Reproduce, from the lines below, exactly the stretch that begins at the line containing "Purles 29 Masca" and ends at the line containing "GoPro Hero 13 - Photo 1 sur 1", both included.

*** GIVEN RECORDS ***

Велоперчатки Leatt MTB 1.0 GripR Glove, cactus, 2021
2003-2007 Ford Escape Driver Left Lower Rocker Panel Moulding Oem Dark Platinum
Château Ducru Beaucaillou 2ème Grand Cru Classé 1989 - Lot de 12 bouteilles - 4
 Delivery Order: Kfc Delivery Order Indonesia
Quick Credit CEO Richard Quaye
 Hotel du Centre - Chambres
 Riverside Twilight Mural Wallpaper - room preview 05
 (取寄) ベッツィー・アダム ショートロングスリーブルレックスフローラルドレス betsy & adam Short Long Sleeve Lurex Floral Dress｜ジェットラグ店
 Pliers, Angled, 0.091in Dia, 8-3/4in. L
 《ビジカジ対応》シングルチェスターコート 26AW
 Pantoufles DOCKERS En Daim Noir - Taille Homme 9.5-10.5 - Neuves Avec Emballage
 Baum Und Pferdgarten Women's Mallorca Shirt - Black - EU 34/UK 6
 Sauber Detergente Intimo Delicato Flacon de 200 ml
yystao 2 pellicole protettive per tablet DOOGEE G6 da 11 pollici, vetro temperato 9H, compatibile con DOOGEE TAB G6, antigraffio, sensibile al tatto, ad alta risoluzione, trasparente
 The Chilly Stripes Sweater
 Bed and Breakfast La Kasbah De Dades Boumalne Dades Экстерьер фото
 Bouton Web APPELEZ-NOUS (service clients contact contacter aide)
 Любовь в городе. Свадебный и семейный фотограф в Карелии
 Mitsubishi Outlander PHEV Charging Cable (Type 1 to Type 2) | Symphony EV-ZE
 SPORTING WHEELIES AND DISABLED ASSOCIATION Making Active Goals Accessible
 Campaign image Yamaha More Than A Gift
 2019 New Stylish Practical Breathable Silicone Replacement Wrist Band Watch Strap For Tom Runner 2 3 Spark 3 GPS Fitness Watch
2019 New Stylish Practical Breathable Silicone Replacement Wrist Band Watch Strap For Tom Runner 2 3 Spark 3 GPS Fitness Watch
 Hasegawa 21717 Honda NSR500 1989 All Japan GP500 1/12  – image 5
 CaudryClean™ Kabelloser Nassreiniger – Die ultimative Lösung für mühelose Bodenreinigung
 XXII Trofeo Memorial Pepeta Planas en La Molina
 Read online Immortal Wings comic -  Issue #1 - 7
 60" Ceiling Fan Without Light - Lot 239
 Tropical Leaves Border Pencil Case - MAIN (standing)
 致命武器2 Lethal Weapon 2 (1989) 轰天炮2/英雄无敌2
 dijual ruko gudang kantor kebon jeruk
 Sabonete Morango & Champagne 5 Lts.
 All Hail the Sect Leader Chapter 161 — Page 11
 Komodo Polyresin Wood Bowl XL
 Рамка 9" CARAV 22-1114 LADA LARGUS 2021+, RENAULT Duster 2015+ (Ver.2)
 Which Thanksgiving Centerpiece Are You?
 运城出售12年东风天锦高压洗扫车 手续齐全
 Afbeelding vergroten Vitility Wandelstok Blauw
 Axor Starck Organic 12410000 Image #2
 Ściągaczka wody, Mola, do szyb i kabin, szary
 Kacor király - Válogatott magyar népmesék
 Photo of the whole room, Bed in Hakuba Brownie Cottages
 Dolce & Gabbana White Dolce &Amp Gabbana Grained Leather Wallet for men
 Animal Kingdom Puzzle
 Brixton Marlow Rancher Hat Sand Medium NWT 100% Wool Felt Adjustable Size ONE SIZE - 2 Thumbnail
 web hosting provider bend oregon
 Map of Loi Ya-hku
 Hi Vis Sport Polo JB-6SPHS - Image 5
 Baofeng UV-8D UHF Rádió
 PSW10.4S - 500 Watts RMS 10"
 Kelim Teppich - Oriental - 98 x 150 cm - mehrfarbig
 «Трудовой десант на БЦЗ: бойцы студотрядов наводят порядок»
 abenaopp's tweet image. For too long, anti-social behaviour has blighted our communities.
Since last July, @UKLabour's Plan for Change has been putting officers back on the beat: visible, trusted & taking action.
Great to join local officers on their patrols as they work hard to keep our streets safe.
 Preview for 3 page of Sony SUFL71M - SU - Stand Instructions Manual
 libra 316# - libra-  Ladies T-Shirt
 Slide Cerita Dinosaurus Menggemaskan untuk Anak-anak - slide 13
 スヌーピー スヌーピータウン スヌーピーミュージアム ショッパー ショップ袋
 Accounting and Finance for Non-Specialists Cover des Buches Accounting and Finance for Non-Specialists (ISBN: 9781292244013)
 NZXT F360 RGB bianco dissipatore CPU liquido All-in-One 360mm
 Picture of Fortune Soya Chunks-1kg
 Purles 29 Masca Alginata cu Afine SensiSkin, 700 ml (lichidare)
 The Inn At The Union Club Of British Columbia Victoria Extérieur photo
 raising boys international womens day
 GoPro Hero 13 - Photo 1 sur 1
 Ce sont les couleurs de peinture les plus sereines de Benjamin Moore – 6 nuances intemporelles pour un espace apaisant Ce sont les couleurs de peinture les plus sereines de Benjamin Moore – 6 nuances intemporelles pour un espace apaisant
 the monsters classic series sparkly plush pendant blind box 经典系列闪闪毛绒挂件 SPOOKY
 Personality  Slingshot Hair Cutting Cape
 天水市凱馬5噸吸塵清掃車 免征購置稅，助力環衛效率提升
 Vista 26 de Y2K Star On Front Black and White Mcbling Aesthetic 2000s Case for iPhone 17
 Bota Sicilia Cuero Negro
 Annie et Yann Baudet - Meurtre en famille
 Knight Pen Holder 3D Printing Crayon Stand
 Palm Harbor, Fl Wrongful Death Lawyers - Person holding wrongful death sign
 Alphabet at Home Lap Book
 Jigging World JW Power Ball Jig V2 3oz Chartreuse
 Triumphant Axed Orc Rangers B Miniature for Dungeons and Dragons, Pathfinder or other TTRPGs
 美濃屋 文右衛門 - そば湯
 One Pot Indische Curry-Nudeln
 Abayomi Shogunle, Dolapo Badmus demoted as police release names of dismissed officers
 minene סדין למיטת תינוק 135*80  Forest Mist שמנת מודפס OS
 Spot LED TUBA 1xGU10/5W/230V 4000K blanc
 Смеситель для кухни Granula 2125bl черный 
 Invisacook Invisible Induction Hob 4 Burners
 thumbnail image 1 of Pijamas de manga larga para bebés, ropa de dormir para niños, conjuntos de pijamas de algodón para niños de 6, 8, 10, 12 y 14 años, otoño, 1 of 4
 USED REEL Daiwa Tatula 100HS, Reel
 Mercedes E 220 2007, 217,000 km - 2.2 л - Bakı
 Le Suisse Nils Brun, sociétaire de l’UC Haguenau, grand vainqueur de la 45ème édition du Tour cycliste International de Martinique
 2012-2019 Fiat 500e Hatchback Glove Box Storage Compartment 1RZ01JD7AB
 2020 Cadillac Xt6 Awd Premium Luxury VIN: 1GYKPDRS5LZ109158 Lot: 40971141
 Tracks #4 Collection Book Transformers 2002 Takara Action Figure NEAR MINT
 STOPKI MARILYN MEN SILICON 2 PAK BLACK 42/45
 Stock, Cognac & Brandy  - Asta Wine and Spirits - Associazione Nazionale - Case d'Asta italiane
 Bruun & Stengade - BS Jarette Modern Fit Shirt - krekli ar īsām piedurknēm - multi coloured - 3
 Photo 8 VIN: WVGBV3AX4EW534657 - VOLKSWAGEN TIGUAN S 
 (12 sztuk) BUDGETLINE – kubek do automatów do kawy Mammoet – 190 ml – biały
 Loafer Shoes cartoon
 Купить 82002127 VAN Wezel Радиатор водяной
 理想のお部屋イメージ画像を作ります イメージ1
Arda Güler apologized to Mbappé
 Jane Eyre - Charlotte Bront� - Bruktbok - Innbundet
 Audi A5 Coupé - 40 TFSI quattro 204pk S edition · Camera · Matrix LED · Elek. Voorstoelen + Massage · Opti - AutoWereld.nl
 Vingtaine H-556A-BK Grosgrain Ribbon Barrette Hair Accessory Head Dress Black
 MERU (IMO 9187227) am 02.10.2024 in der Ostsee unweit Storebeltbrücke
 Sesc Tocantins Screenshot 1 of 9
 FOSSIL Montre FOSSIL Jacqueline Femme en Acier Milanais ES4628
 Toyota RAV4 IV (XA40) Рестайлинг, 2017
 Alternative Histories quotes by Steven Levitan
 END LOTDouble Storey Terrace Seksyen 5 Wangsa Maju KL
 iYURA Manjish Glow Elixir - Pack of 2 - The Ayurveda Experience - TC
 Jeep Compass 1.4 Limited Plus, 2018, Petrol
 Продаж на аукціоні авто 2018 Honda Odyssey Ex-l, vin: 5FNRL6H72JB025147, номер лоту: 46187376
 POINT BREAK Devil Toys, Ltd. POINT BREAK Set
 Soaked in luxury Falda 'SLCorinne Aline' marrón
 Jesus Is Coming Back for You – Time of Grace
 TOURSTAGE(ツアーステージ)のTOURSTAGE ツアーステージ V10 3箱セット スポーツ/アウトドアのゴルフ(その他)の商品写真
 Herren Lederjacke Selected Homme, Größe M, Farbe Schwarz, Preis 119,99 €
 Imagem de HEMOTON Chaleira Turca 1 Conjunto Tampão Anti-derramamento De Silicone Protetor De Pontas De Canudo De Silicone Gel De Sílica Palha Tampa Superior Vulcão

*** End of GIVEN RECORDS ***

§ OUTPUT OF THE TASK
 Purles 29 Masca Alginata cu Afine SensiSkin, 700 ml (lichidare)
 The Inn At The Union Club Of British Columbia Victoria Extérieur photo
 raising boys international womens day
 GoPro Hero 13 - Photo 1 sur 1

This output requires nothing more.